Un « ghost bike » sera déposé ce jeudi sur l’avenue de Beaudésert, à Mérignac. A l’instar des silhouettes de victimes de la route, il rendra hommage au cycliste tué en mai dernier par un camion sur cet axe qui longe l’aéroport.
L’action symbolique sera le point d’orgue de la manifestation à deux-roues, à l’appel des associations Vélo-Cité et Léon à vélo, ainsi que des « vélotaffeurs » de la zone aéroportuaire. Afin de prévenir de nouveaux drames, ils réclament des aménagements rapides sur l’avenue de Beaudésert, bientôt rebaptisée boulevard Technologique : création d’une bande cyclable, baisse des limites de vitesse à 50km/h (au lieu de 70 actuellement) avec radars dissuasifs, comblement du dénivelé entre la chaussée et le bas côté…
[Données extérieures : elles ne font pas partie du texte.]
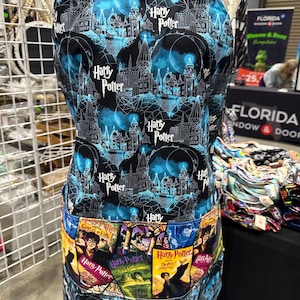 May include: A black and blue apron featuring a repeating pattern of Hogwarts and the words "Harry Potter." The apron has a pocket with images of the Harry Potter book covers. The apron is displayed on a mannequin.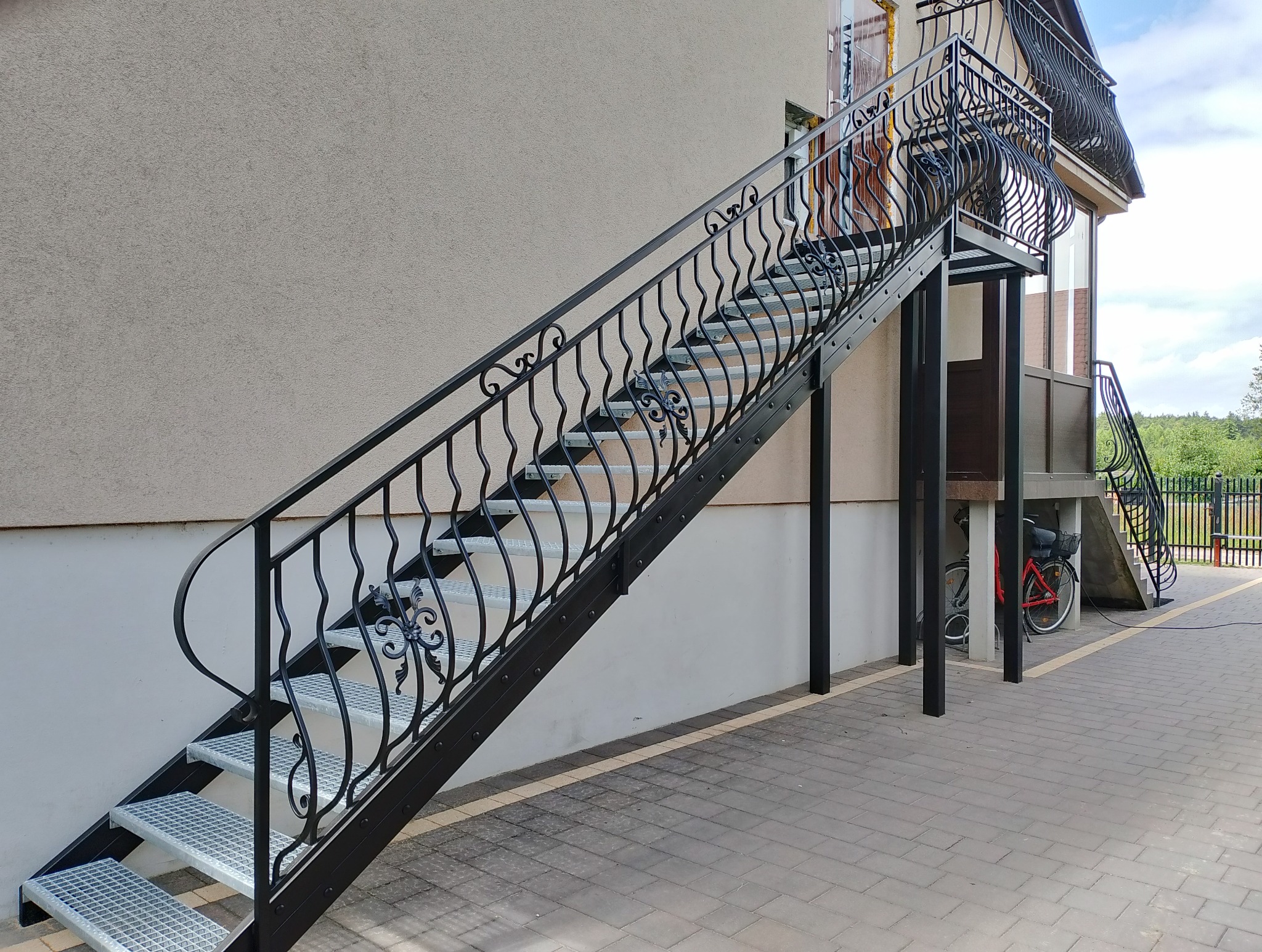 Zewnętrzne schody z czarną, kutą balustradą prowadzące na balkon, widoczne z boku, z rowerem zaparkowanym pod spodem.
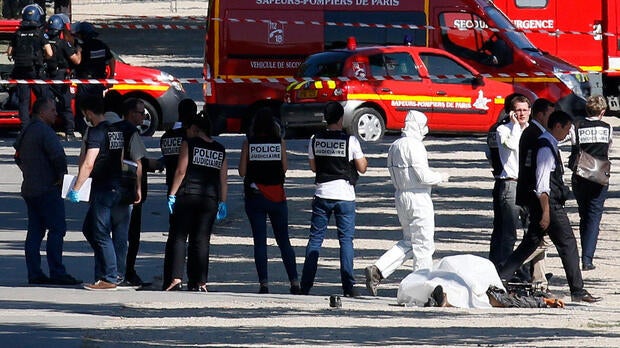 Police inspect the body of a suspect at the scene of an incident in which a car rammed a gendarmerie van on the Champs Elysees in Paris France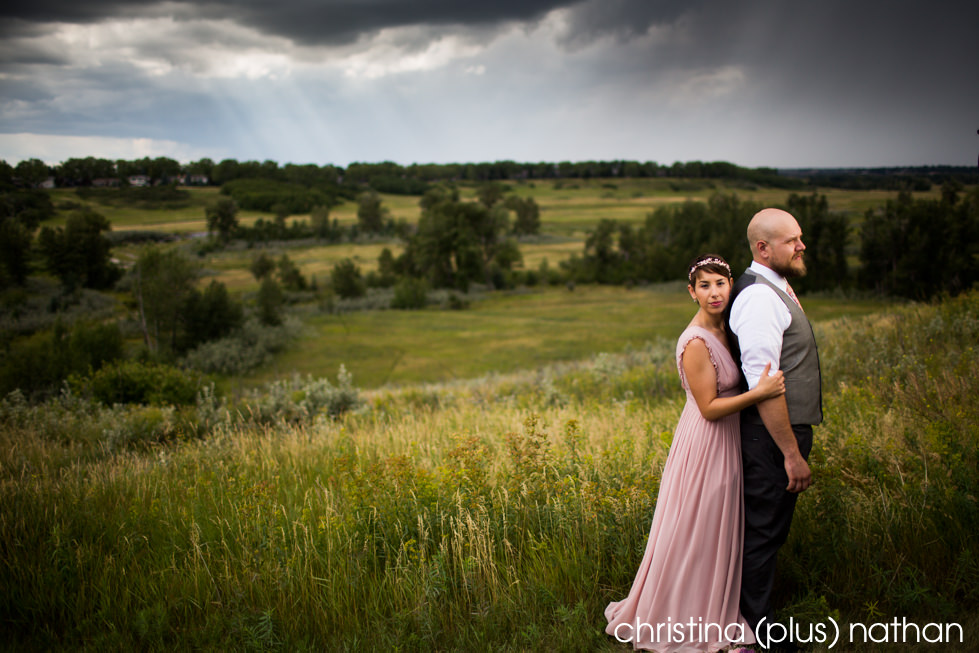 Vintage looking pink wedding dress overlooking Fishcreek Park in Calgary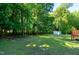 Large green backyard with mature trees, a utility shed, and a wood deck at 1443 Smokey Mountain Dr, Zebulon, NC 27597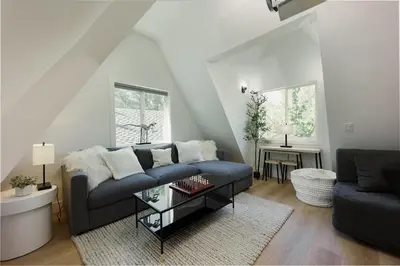 a living room with a couch and a table at Lakefront Cottage at Lakewood in Auburn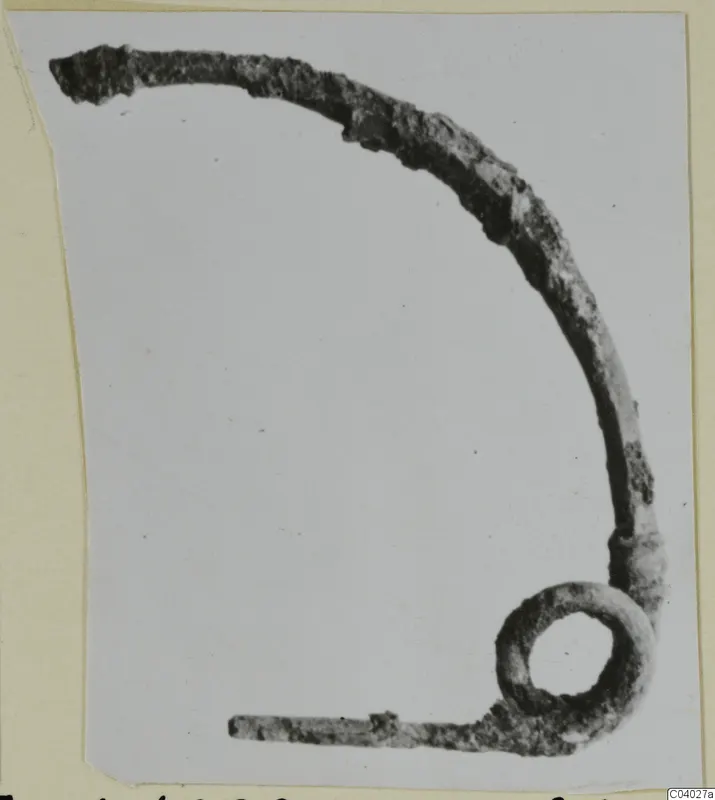 Bronze personal adornment with a curved arm and a loop at one end, from the Kastros tombs at Lapithos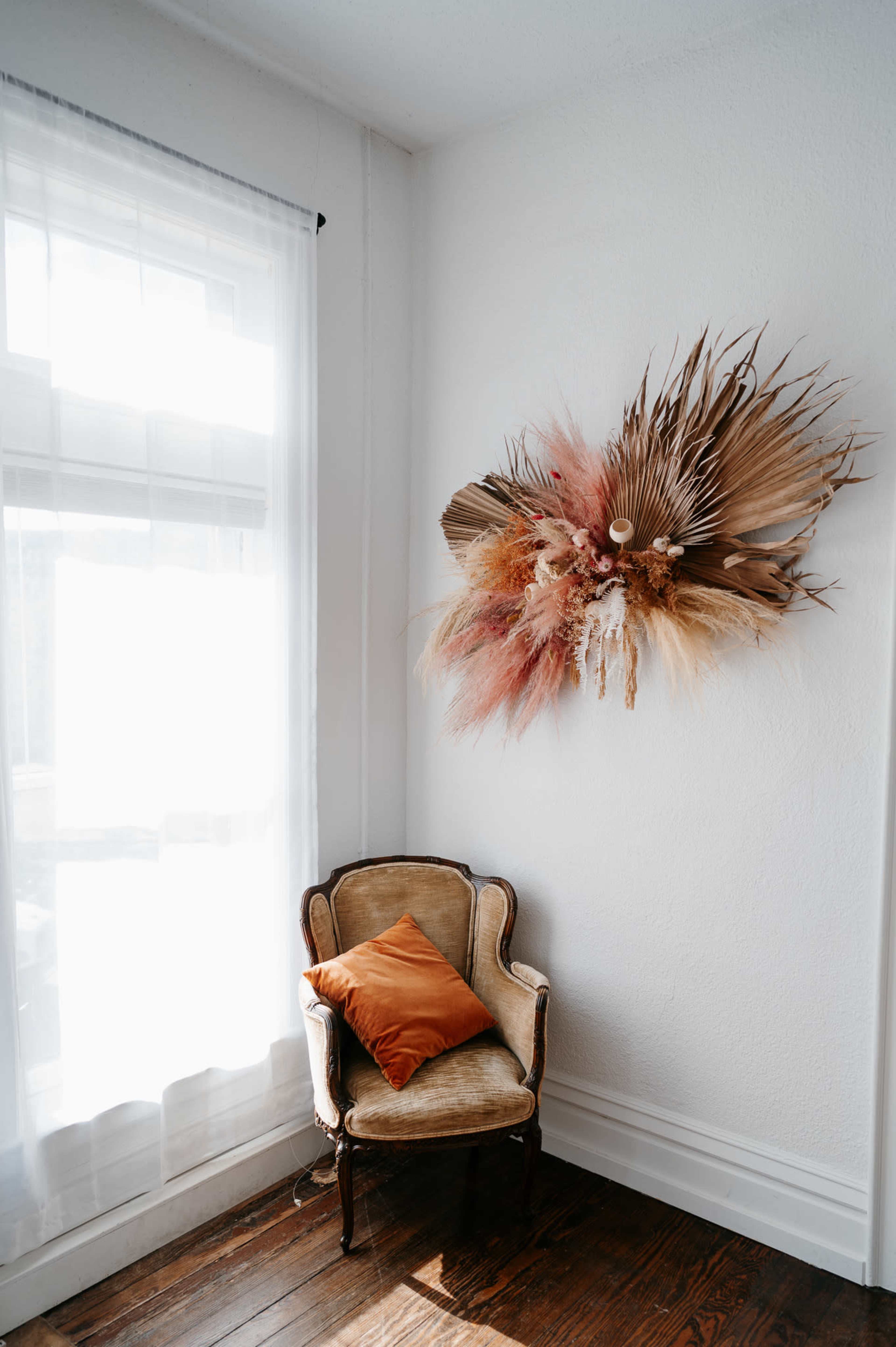 A vintage chair with an orange pillow sits beside a window, while a large wall arrangement of dried plants decorates the white wall.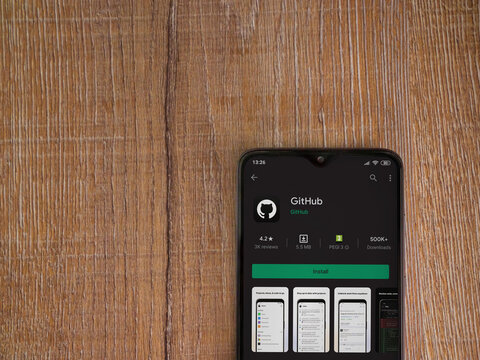 Lod, Israel - July 8, 2020: GitHub app play store page on the display of a black mobile smartphone on wooden background. Top view flat lay with copy space.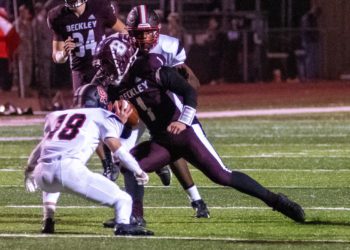 Beckley's Maddex McMillen carries the ball against Oak Hill on Oct. 30, 2021 in Beckley. (File Photo by Heather Belcher)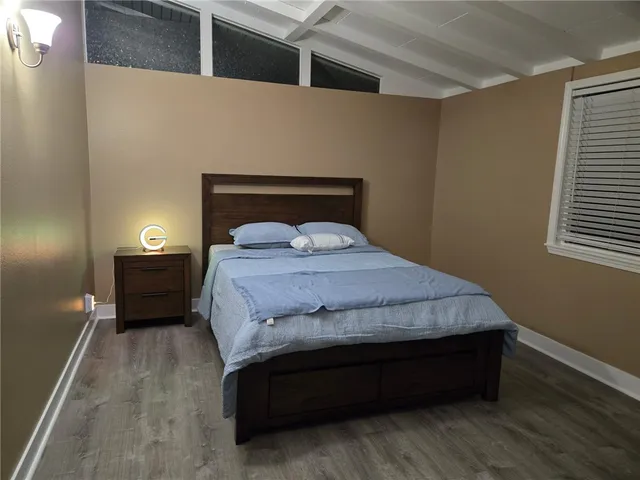 a bedroom with a bed and a night stand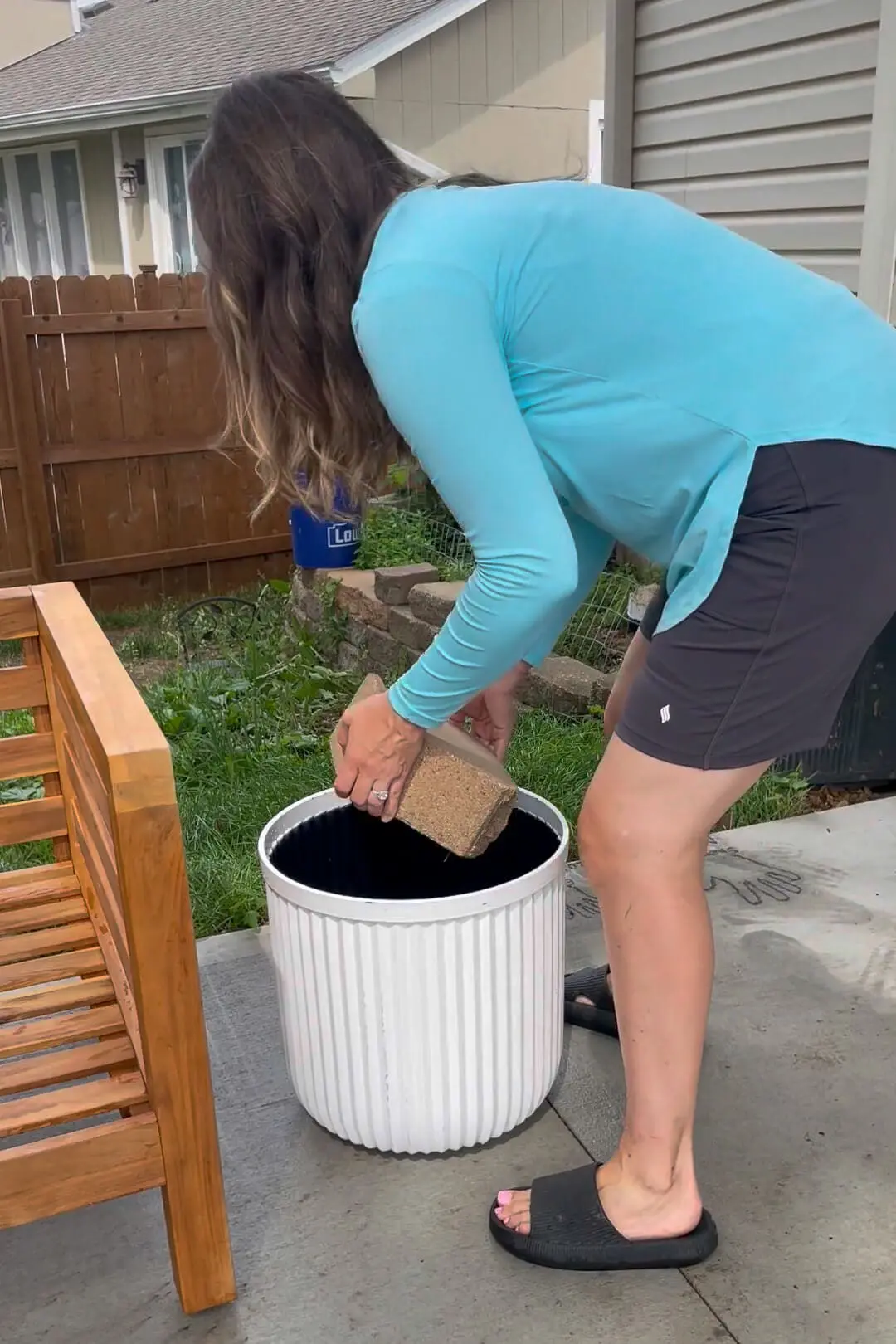 Adding faux greenery to a backyard patio.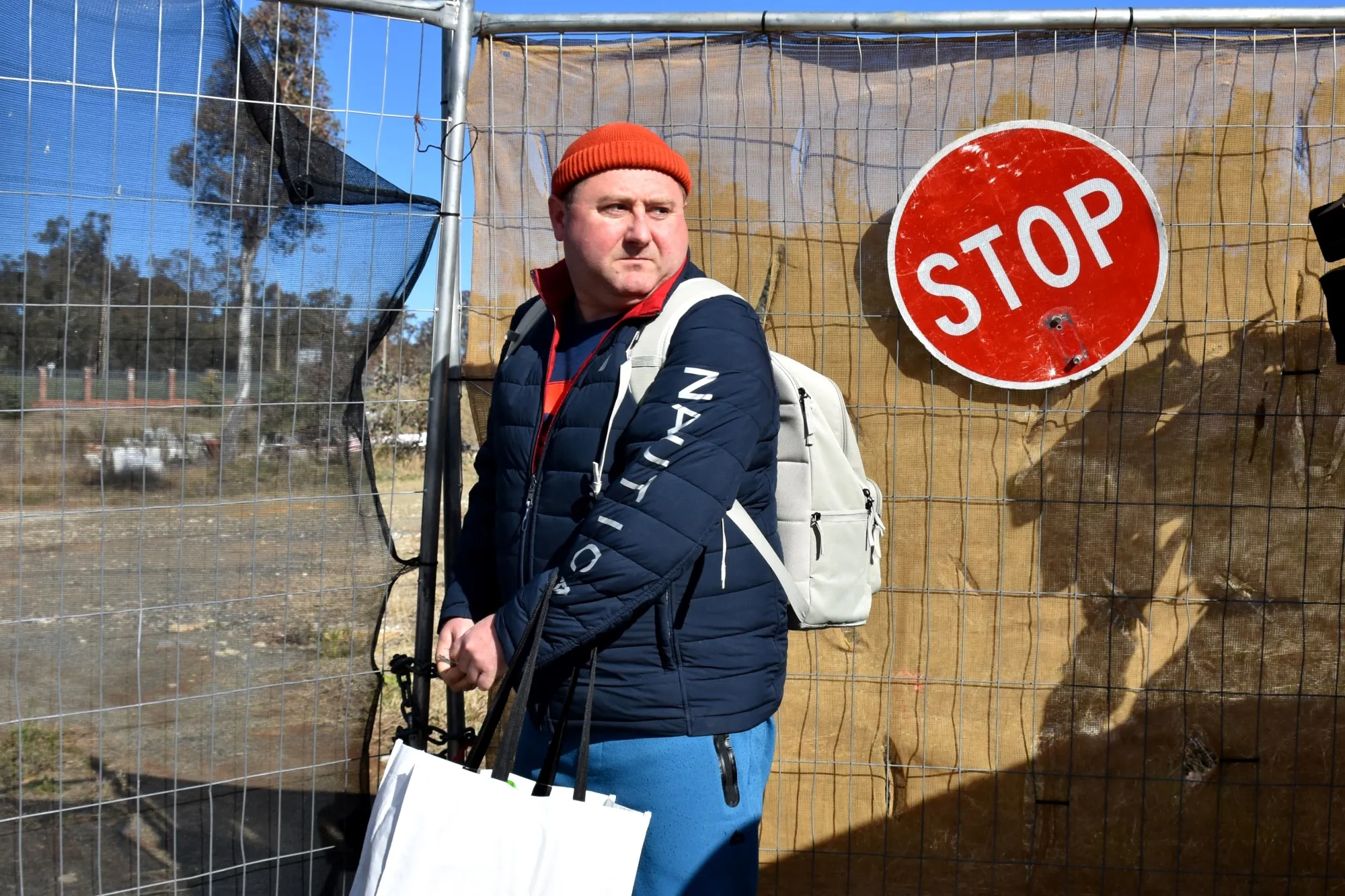 A Russian diplomat leaves the site near Parliament House in Canberra on June 26.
« L’opération d’intérêt métropolitain (OIM) qui pilote l’aménagement de l’Aéroparc, a déjà prévu de refaire toutes les infrastructures routières et notamment ce boulevard Technologique, qui va du terminal du tramway au Haillan jusqu’à l’aéroport, explique Benoît Maury, de Léon à vélo. On va ainsi passer à terme de 42 à 100 kilomètres d’aménagements cyclables. Mais l’échéance des travaux, d’ici 4 à 5 ans, nous parait trop lointaine vu l’augmentation exponentielle de la pratique du vélo sur la métropole. »
Car le nombre de cyclistes augmente même sur l’aéroparc, malgré la circulation automobile écrasante – 86% des trajets se font en voiture, représentant près de 2000000 déplacements par jour -, et à cause de celle-ci, indique Benoît Maury :
« Du fait de l’accroissement de la congestion automobile, le report modal se fait automatiquement car on arrive aux limites en termes de stress et de temps passé en voiture. Moi-même, lorsque je suis revenu à Bordeaux, en 2015, pour travailler comme ingénieur au Cesnac, un centre de la direction générale de l’aviation civile (DGAC), j’ai lâché ma voiture au bout d’un mois. Plutôt que de passer 2 heures dans les bouchons pour faire sept kilomètres, je me suis mis au vélo. »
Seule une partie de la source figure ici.